While a decline in revenue can be a concern, if it means stronger margins and leads to a higher rate of profitability, it's a move that can make a whole lot of sense for a business in the long run. Reducing its workload also enables the company to become leaner. In April, UPS announced it was cutting 20,000 jobs (that figure has since risen to 48,000). This is in relation to not only the reductions with Amazon but also broader restructuring and efficiency efforts, as tariffs have been affecting overall demand.
Are the results already paying off?
Last week, UPS posted its most recent quarterly results, and it was a fantastic performance for the business. For the third quarter, which ended on Sept. 30, UPS posted adjusted earnings per share of $1.74, which soundly beat expectations of just $1.30. And its revenue of $21.4 billion was also better than Wall Street projections of around $20.8 billion. This is even as Amazon-related volume has declined by more than 21% on a year-over-year basis. CEO Carol Tome says the business is "executing the most significant strategic shift in our company's history."
Shares of UPS jumped 8% on the day the results came out, as investors looked pleased with the numbers, and rightly so. With the company continuing to focus on efficiency and cost savings, UPS' financials, and specifically its bottom line, may improve even further in future quarters.

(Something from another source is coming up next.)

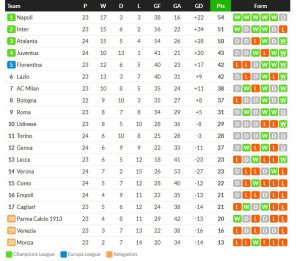 เรเตกีกด 4! อตาฯยำโหด 5-0, เจนัวเจ๊าโตโร่…สรุปผลเซเรีย อา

By focusing on profits rather than sheer revenue growth, management is making moves that I believe will help pay off for shareholders down the road. Particularly at a time when there is so much uncertainty in the economy, it's crucial for UPS to remain flexible and lean.
Is UPS a good stock to buy today?
Although the stock got a bit of a boost after earnings, investors still aren't too willing to pay much of a premium for it. It's trading at a price-to-earnings multiple of just under 13, which is nowhere near the S&P 500 average of 26.
At a low valuation, this can make for a compelling long-term investment to hang on to. What may sweeten the deal for investors is UPS' high dividend yield of 6.8%, which looks a whole lot safer in light of the company's encouraging earnings numbers.
The company is showing that it can make the difficult but important decisions needed to improve its operations, which should inspire confidence from investors that it is going in the right direction. It's a good stock to buy while it remains cheap, because once economic conditions improve (and they eventually will), it could be due for a big rally.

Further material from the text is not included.